By a pair I meant 2 hens and not having a rooster..tho it is cool to have one for the sound.  I downloaded a video called 'Gardening Australia' off bit torrent which uses Permaculture techniques on a home build there as the person there transfered another home from scratch into a ediable garden and flowing landscape. I would have two chicken runs at the least if I could house chickens and alternate them from time to time so one side gets some grow back for their scratching. I hear 'hi-land brown' chickens are non flighty and rather quiet good layers. The video if you download it also covers how to keep the birds healthy by planting some plants around with chicken mesh arund so as the chickens pluck on it it'll also keep lice and such off the birds naturally. GIve that video a check out on this torrent search engine www.btjunkie.org and for the download client I recommend www.utorrent.com


----------



## 50seven (Feb 14, 2010)

I think you can buy both depending on who's selling them, as chicks or as fully grown. Just be careful having chickens within the city of Toronto.
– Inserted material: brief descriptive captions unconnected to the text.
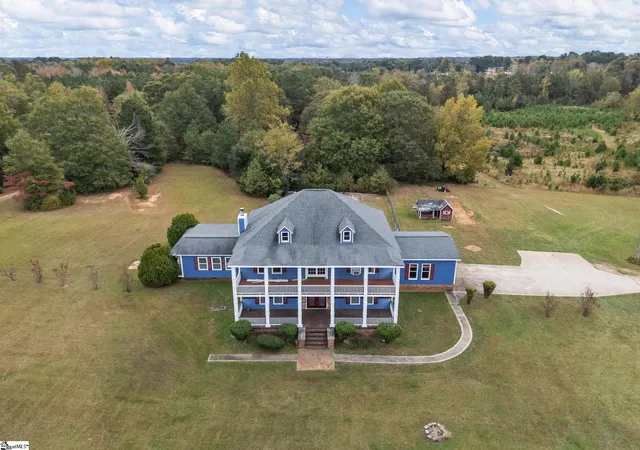 Photo 3 of Single family home for sale at 11280 Hwy 56 N, Clinton, SC 29325 | MLS# 1590336 | Listing updated on 2026-05-02
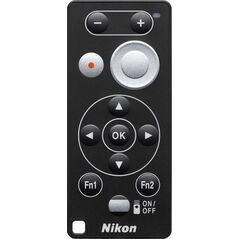 Nikon Πιλότος τηλεχειριστηρίου Bluetooth Nikon ML - L7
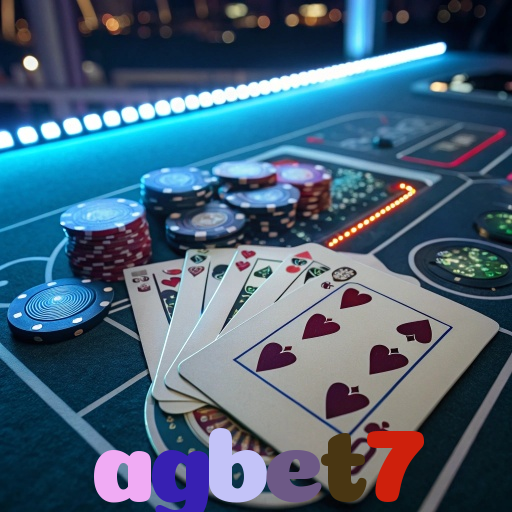 agbet7: Aposta Facilmente com Funcionalidades Completas no Aplicativo Móvel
You might get away with a couple egg layers, but if you had a rooster, they'd definately take it away from you.


----------



## okoolo (Nov 1, 2009)

at my house we grow most of our veggies .. carrots, beans,lettuce, onions, beats, paprika, tomatoes, brussels etc.. as well as apples, pears, cherries, strawberries, blackberries etc..

I also smoke my own fish and meats like ham,bacon,chicken & kielbasas (and until you've had home made bacon, you haven't lived)

but I have to say I'm disappointed with many farmer markets.. often farmers buy veggies and fruits from a wholesaler and sell them as their own.. you end up getting the same stuff that's in the store and you don't even know it (often at higher prices too)

I do recommend honey, maple & birch syrup.. they have much better quality then stores. And if you want real organic stuff visit the Mennonites around Kitchiner..


----------